When we pulled in to the parking lot, something was wrong. “This is… not what I was expecting…” Mom said. “What the heck is this?!” I asked.

There were picnic tables and a fee station, just like in all the best parks, but there were also a LOT of trucks – the really big ones that look like trains because they pull multiple trailers full of rocks. Every 2-3 minutes a truck would pull into the parking lot, turn around, and then leave again. We could not figure out what the heck they were doing. They never stopped, just drove in and out ruining our picnic. Even when there were no trucks in the parking lot, a big truck Mom called a caterpillar sat growling 25 yards away, occasionally making backup beeps. “Mom, I don’t like it here,” I said. “What do you always tell me, Oscar? If you don’t like a place, all you have to do is look up. Sometimes it’s dirty on the ground, but when you look up into the distance it’s always beautiful.” So we looked up. It looked like someone had poured a bunch of sand on some overturned boxes. It looked like we were in a Road Runner cartoon. It was hard to find the beauty. “Maybe it will be better when we’re hiking?” she suggested.
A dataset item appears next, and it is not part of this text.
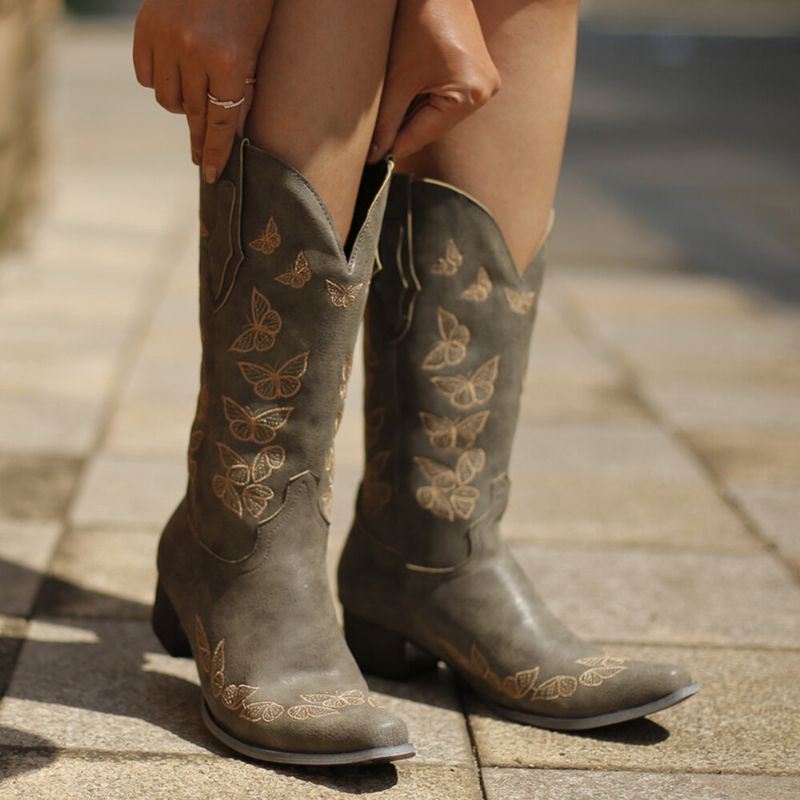 Grote Maat Dames Vlinder Decor Puntschoen Half Kuit Cowboylaarzen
We tried to find the trail, but this place had a lot of unmarked trails that cris-crossed. What if we got really lost? Mom’s phone battery was dangerously low. This was a place where outlaws could hide out for years and no one ever found them. We were leash outlaws sometimes, and we frequently trespassed on trails that aren’t dog friendly, but I didn’t think that we needed to live in the canyons like Geronimo or Butch Cassidy over all that. We wound up just walking up a dry riverbed and treating it like a trail.
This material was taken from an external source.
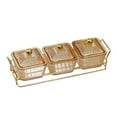 thumbnail image 4 of Plato de servicio dividido perfecl con tapa Caja de Almacenamiento de alimentos Marrón 3 rejillas, 4 of 8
The desert is prettier close up than it is from far away. Close up the sand had clumped and flaked and dried in a bunch of cool ways that I had never seen before. When I looked up, all of the big piles of sand looked different from one step to the next. I ran ahead of Mom like the Road Runner, stopping every now and then to watch her scramble haplessly up the trail.

We were starting to have fun, but it was getting hot. Eventually, I found a spot in the shade and flopped down. “That’s it! I can’t go any further!” I panted. Mom gave me some water, and then we turned around and headed back to the trucks. I followed Mom, but every time I found a large patch of shade I flopped down again. “You go on without me!” I gasped. “Save yourself! I’ll just sit here and wait for death.” “Oscar, we only went like a mile. I think you can make it.” “No, no… I think the desert has gotten me. Tell my fans I love them.” “It’s only like 70 degrees out here. You can’t be suffering that badly. You didn’t even finish the bowl of water I gave you 5 min ago.” “Fine, I’ll try to go on. But don’t be surprised when I collapse and you have to carry me out…” I warned.

Because I love Mom, I crawled on. Okay, sometimes I forgot that I was dying and ran up to explore an interesting thing. But I made sure to let my tongue loll out real far and pant when Mom looked at me. When we finally got back to the house, I flopped down in the shade panting. Sometimes adventure means that you’ll find danger, even when you did all the planning right.